Speaker identification and voice verification for voice applications

Info

Publication number: 20060287863
Type: Application
Filed: Jun 16, 2005
Publication Date: Dec 21, 2006
Applicant: International Business Machines Corporation (Armonk, NY)
Inventors: Ricardo Santos (Boca Raton, FL), Brien Muschett (Palm Beach Gardens, FL), Wendi Nusbickel (Boca Raton, FL)
Application Number: 11/154,206

Abstract

Embodiments of the present invention address deficiencies of the art in respect to voice markup processing and provide a method, system and computer program product for speaker identification and voice verification in a voice processing system. In one embodiment, a speaker identification and voice verification data processing system can include a voice markup processor configured to process voice markup defining a voice application and server side logic enabled to be communicatively coupled to the voice markup processor and to a voice engine programmed for speaker identification and voice verification. For example, the voice engine can be programmed to provide speaker identification and voice verification using speaker identification verification (SIV) technology.

Description

Description

BACKGROUND OF THE INVENTION

1. Field of the Invention

The present invention relates to the field of voice applications and more particularly to integrating speaker identification and voice verification logic in a voice application.

2. Description of the Related Art

Voice applications utilize voice processing to facilitate voice interactions with a data processing application. Voice markup processing represents one technology useful in voice processing and provides a flexible mode for handling voice interactions in a data processing application over a computer communications network. Specifically designed for deployment in the telephony environment, voice markup provides a standardized way for voice processing applications to be defined and deployed for interaction for voice callers over the public switched telephone network (PSTN). In recent years, the VoiceXML specification has become the predominant standardized mechanism for expressing voice applications.

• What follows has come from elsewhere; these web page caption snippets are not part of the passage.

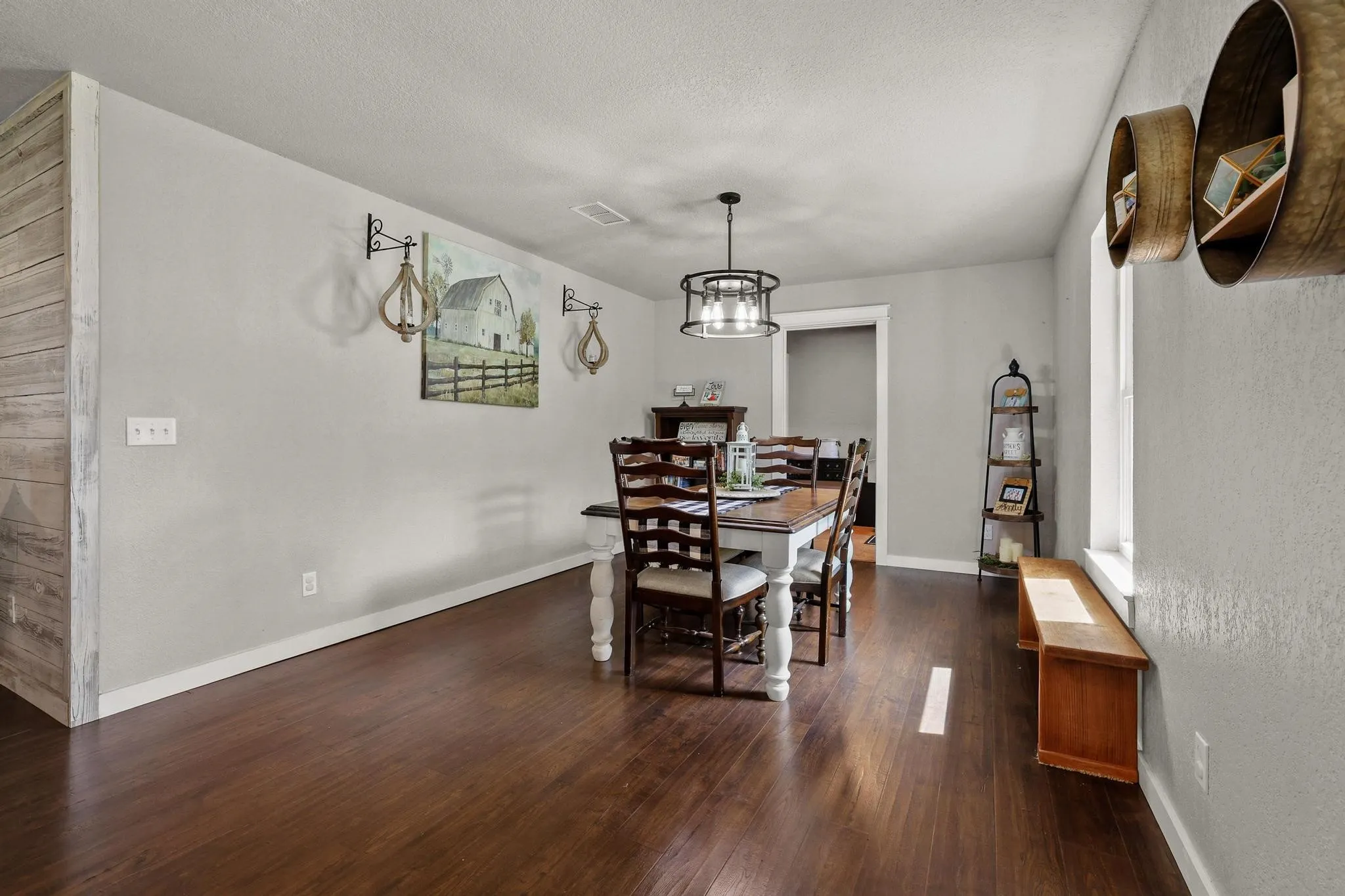 Wood-finish flooring throughout, complemented by light-toned wall paint and white trim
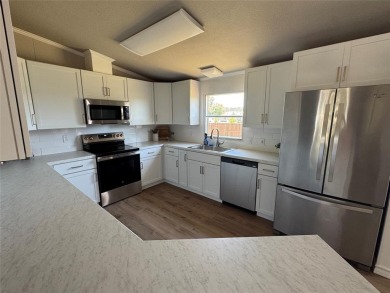 This is a newly remodeled mobile home in Horseshoe Bend Air Park on Horseshoe Bend Country Club in Texas - for sale on GolfHomes.com, golf home, golf lot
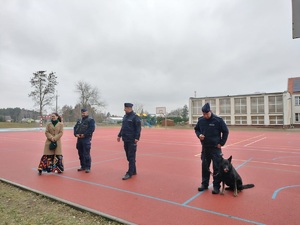 policjanci z psem i kobieta stoja na boisku szkolnym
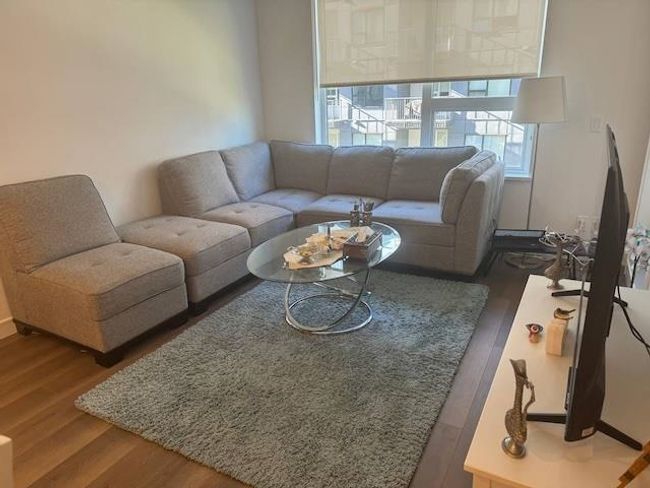 Living room featuring wood finished floors | Image 10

Despite the popularity of VoiceXML and like markup languages for voice processing, speaker identification and voice verification have not been supported through conventional voice markup browsers. Speaker Identification Verification (SIV) is a speaker identification and voice verification technology used to identify a particular speaker in order to grant access to sensitive information and transactions. SIV introduces the concept of a “Voice Print”. Voice Prints are used for identification, similar to the way fingerprints identify people.

Typically, speaker identification involves two phases. In a first phase, referred to as enrollment, a user can create and associate a voice print with a speaker verification server. In a second phase, referred to as verification, speech collected from a speaker can be compared to the stored voice print to determine whether the speaker is whom the speaker professes to be. In a telephony environment, speaker verification can play an important rule in terms of adding an extra level of security before providing a caller access to sensitive data.

Though speaker identification and voice verification is a seemingly important aspect of data security, the failure of conventional voice processing systems to natively support speaker identification and voice verification has resulted in a hodge podge of ad hoc solutions and proprietary application programming interfaces. The proprietary nature of these ad hoc solutions has compromised compatibility across different voice processing systems and across different host computing environments.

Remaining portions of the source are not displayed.